Good Behaviors Priority
For some cik>δ in the set T={t1, …, tk,…, tn}, as we know, that means SUi has launched some malicious threats before. Let mi denote the number of malicious threats launched by SUi. Specially, mi =0 when each cik>δ. Then, FC can compare the m values for different SUs to decide who will pop up. Take SUx and SUy as an example, if mx Procedure 1 .
TTL Priority
In the BW scheme, TTLi (time-to-live) represents the life time of SUi from who joined cognitive radio network to time h. Obviously, TTLi =h-τi ( the initial time when SUi joined cognitive radio network). When several SUs have the same competitive coefficient at time h, the SU with highest TTL would pop up. For an SU with a smaller TTL, he is likely to have fewer opportunities to launch malicious threats. Especially for TTLi =0, that means SUi is a newcomer who has done nothing in the network and his competitive coefficient is 1. But, once he launches malicious threats in the future, his competitive coefficient will be decayed sharply by Eq.(5). For an SU with a higher TTL, he is likely to have more opportunities since he can maintain a higher competitive coefficient for a long time. Therefore, we should give a chance to the SU with highest TTL when several SUs have the same competitive coefficient at time h. This strategy is named as tp() in Procedure 1 .
Random Priority
Initially, FC chooses an SU randomly to use the pop vacant band when several SUs have the same competitive coefficient at time h. But such choice is restricted by another index r which is the number of the SU who has been chosen randomly in the Random Priority strategy. For SUi, ri =0 if he has never been chosen and ri will be added by 1 when he is chosen. Then, FC can compare the r values for different SUs to decide who will pop up. Of course, it is possible that there are more than two SUs with the same low r value. In this case, FC should chooses an SU randomly from them again. This strategy is named as rp() in Procedure 1 .
Let S={SU1, …, SUi,…, SUn} denotes the set of several SUs who send requests to ask a pop vacant band at time h, U is the set filtered from S and |U| resprents the amount of elements in U.

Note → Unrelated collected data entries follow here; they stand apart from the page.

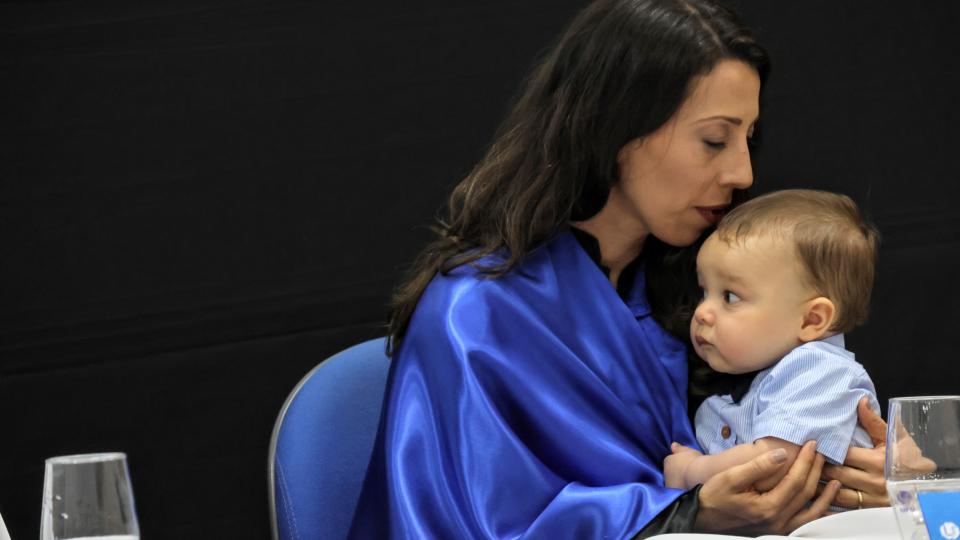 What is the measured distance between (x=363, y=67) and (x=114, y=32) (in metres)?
0.45

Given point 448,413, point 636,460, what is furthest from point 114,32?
point 636,460

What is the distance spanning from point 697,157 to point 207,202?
0.96 metres

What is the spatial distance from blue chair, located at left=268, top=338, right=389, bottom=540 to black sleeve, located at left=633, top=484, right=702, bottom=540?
47cm

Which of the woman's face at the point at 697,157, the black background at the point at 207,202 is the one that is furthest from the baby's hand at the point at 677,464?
the black background at the point at 207,202

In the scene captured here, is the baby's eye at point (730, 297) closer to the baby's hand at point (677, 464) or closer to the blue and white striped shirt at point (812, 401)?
the blue and white striped shirt at point (812, 401)

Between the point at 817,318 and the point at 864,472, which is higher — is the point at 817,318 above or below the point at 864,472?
above

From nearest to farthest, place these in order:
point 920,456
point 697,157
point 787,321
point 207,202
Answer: point 920,456 → point 787,321 → point 697,157 → point 207,202

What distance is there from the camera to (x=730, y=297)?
188 centimetres

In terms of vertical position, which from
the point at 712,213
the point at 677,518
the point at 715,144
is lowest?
the point at 677,518

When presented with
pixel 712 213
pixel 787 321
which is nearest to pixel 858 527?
pixel 787 321

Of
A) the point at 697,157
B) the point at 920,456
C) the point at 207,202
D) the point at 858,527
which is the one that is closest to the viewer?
the point at 920,456

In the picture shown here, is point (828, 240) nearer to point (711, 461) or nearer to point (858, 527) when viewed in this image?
point (711, 461)

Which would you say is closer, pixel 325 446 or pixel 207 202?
pixel 325 446

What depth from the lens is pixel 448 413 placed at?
Answer: 1.86 meters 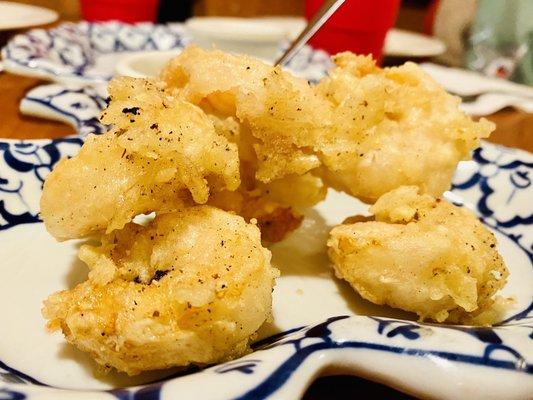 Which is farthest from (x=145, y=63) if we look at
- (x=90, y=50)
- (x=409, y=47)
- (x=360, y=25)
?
(x=409, y=47)

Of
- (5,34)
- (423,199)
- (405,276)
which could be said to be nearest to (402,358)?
(405,276)

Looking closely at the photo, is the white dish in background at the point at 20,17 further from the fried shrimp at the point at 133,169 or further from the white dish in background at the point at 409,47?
the fried shrimp at the point at 133,169

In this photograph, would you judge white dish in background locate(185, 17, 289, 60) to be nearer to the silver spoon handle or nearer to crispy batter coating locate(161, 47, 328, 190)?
the silver spoon handle

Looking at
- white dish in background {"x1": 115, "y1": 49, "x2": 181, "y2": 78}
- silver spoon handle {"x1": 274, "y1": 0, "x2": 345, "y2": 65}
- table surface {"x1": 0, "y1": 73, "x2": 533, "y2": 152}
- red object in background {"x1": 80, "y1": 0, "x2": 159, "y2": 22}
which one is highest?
silver spoon handle {"x1": 274, "y1": 0, "x2": 345, "y2": 65}

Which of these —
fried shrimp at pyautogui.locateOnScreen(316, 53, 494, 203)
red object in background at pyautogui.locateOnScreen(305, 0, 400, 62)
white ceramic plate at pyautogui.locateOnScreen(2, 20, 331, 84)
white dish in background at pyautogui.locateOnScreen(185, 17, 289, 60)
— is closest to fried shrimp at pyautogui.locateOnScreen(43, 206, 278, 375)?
fried shrimp at pyautogui.locateOnScreen(316, 53, 494, 203)

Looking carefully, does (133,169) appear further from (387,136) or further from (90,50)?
(90,50)

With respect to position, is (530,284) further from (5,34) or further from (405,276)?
(5,34) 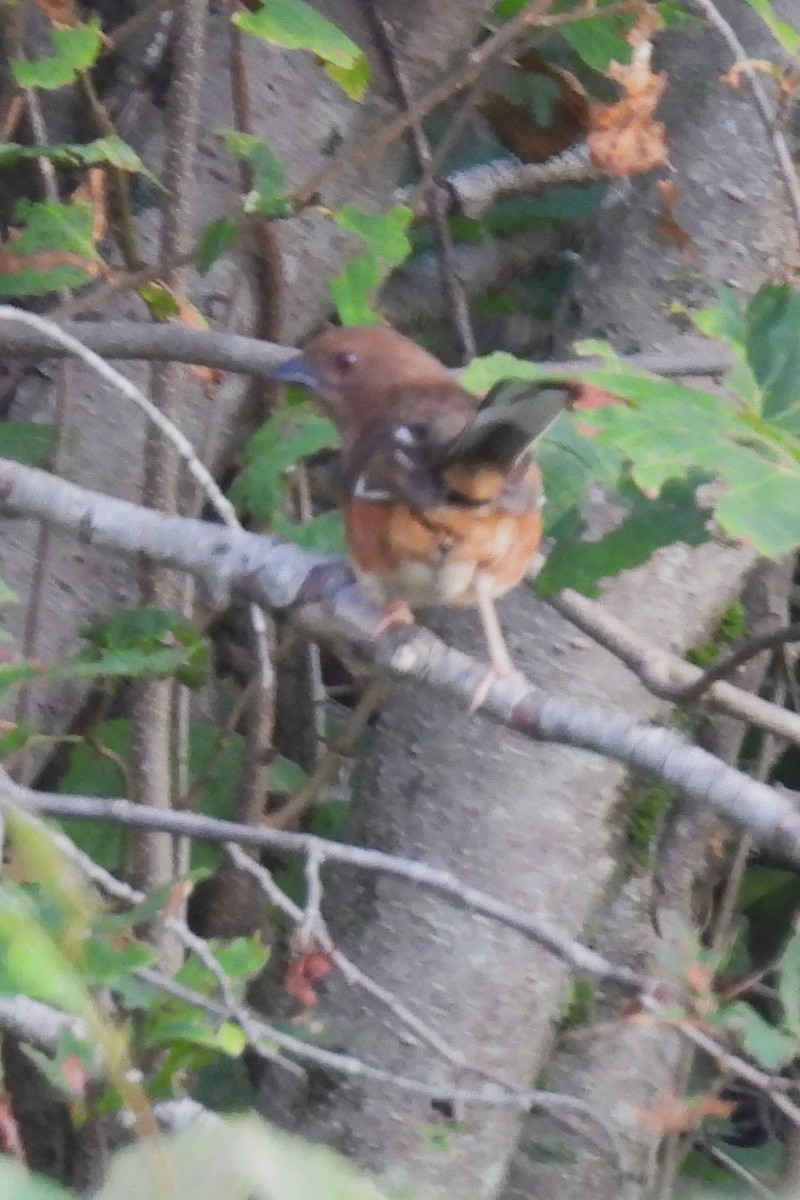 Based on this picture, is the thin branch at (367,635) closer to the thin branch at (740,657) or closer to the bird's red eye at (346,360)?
the thin branch at (740,657)

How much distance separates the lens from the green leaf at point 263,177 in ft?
5.63

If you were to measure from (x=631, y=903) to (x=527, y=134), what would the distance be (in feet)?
4.90

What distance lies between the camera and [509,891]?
6.81ft

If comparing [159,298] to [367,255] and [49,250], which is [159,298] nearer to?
[49,250]

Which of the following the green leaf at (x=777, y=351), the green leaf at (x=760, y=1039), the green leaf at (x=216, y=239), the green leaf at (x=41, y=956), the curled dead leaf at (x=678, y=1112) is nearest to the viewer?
the green leaf at (x=41, y=956)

- 4.2 Competitive Coefficient Maintain for Mobility Environment
We have known that the process of CSS is in the charge of FC which is usually a base station. However, the management area of FC is local and the sensing distance of an SU is limited. Take Fig. 2 as an example, local areas compose the cognitive radio network. In order to facilitate the depiction of this figure, we draw a PU in each local area. In practice, there are a FC and several PUs coexiting with SUs in a local area. If PUs are fixed devices, they will not move. If not, they may move from a local area to another one.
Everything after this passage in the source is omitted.